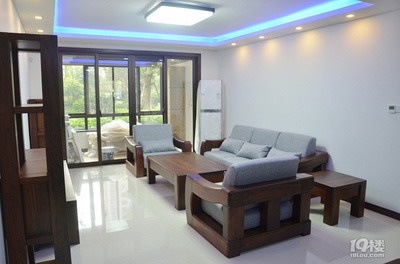 雙節鉅惠，實木匠心 蘇州19樓“我秀我家”工廠直購節盛大開啟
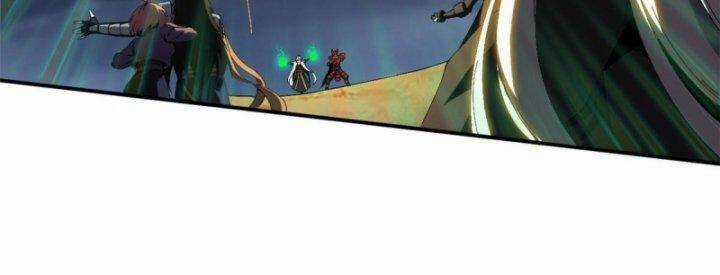 Siêu Thần Chế Tạp Sư Chapter 146 trang 114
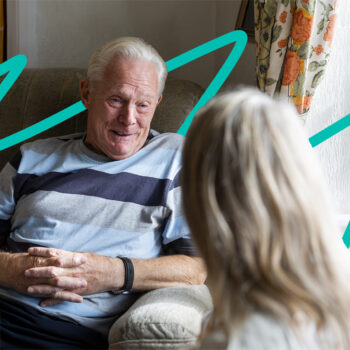 New national care and support service for Wales announced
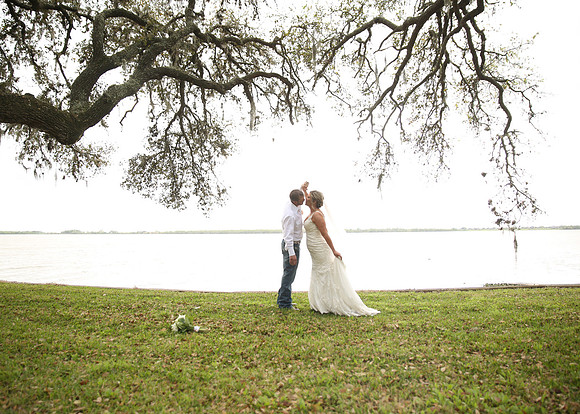 Bride & Groom (101)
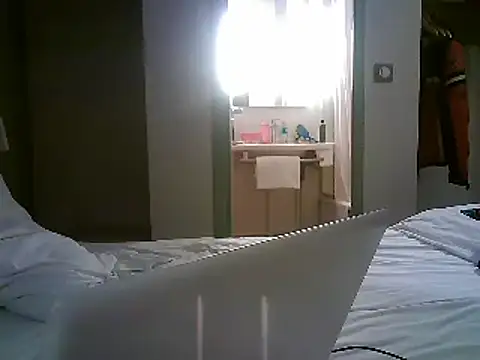 Snapshot of mecanoExhib78 chatting on 01/25/25, 09:57 mecanoExhib78 online show from 01/25/25, 09:57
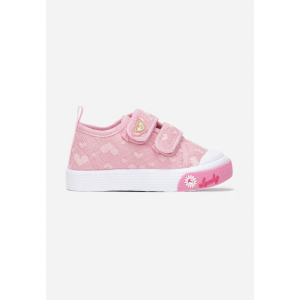 T-10384-20-25-45-pink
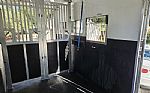 2018 2 Horse Straight Load Thumbnail 4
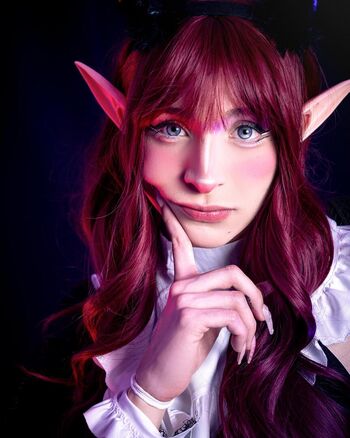 Full leaked Damiian private onlyfans photo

____________________

BRIEF -> The copy you give must repeat each record character for character, but it must not include the pictures.

RESULT ->
 雙節鉅惠，實木匠心 蘇州19樓“我秀我家”工廠直購節盛大開啟
 Siêu Thần Chế Tạp Sư Chapter 146 trang 114
 New national care and support service for Wales announced
 Bride & Groom (101)
 Snapshot of mecanoExhib78 chatting on 01/25/25, 09:57 mecanoExhib78 online show from 01/25/25, 09:57
 T-10384-20-25-45-pink
 2018 2 Horse Straight Load Thumbnail 4
 Full leaked Damiian private onlyfans photo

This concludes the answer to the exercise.